Managing User Environments

Closely related to the concept of reproducibility, managing the environment for your users is a critical part of managing your cluster so your users can produce consistent results.

Ensuring that a job is run with the same code and libraries consistently is more difficult than it appears at first glance. As a general rule, software is always being updated. Sometimes the updates are to fix errors in the code; sometimes the updates are to add functionality or improve performance. In either case, whenever you update a piece of code that your users may have used to generate some kind of scientific results, you risk generating different results.

There are a number of approaches to ensuring that your code is always run with the same environment so you can always produce the same results. The easiest is simply to back up everything on your system, and restore it when you need it again. This quickly becomes cumbersome when you start thinking of clusters with hundreds or thousands of nodes. In addition, your cluster is likely to be upgraded at some point with new hardware, and your old full-system backup may need to be modified to support newer hardware. In the real world, this is not a practical solution.

Another option is to build a "tool tree" that has all your software in it, and put that tree at the beginning of your path. This quickly becomes cumbersome as well. You may need to update one library out of 20 and leave the rest alone. If you reproduce the entire tool tree to provide a new "root," you're using a lot of space duplicating what you already have. You can use symbolic links or hard links to avoid that problem, but that comes with its own set of problems. What if you need everything in the tool tree, but need some extra libraries? You can add another component to the beginning of your path. What if you need a newer version of a library or utility that hasn't been updated in the standard tool tree? You can add another component to your path at the beginning that will override the default. What if you also need some libraries that a colleague built? Now you have four additional components added to your path, and they need to be in the correct order. Additionally, just setting your $PATH isn't enough. You need to update your $INCLUDE path, your $LD_LIBRARY_PATH, and often set other environment variables before everything works correctly. It's easy to see how this quickly becomes unwieldy.
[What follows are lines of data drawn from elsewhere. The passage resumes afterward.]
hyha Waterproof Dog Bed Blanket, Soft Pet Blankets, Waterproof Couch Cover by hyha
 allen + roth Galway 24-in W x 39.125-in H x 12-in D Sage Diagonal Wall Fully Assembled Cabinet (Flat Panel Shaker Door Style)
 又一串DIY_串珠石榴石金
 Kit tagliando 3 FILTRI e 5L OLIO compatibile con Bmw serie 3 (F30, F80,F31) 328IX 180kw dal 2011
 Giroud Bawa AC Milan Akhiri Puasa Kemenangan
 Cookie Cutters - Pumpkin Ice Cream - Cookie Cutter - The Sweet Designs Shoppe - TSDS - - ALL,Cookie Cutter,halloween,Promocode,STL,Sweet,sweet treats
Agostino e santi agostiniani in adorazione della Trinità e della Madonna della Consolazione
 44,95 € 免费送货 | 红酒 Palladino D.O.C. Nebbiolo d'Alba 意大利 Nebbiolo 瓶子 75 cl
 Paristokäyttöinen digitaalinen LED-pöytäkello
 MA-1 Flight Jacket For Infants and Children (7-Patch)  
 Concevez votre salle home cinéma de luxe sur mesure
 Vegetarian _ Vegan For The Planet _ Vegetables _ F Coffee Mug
There are other options for encapsulating your environment using virtual machines or even containers, but these solutions require a lot of work to build the original image, and then you're stuck with a single-use solution. What if you want to test your code with a variety of MPI libraries to see which gives the best performance? You would need to duplicate your single-use solution, and then replace the libraries in each of them. This isn't really a practical solution in terms of time, space, or expertise.

Most centers have settled on the Environment Modules package to handle these issues (commonly refered to simply as Modules). Modules manages a users environment at the component level, adding and removing individual entries, and setting environment variables, as needed. Modules is capable of setting arbitrary environment variables, and checking for conflicts and dependencies. As a simple (and common) example, if you look at the modulefile we built for OpenMPI on the Raspberry Pi cluster, you'll see that we set $PATH, $INCLUDE, $LD_LIBRARY_PATH, and $MANPATH, as well as the environment variables $CC, $CXX, $MPI_ROOT, and $MPI_HOME. Obviously, setting all of these by hand whenever you want to build or run with a different library is unreasonable. Modules takes care of this for you, while keeping everything consistent.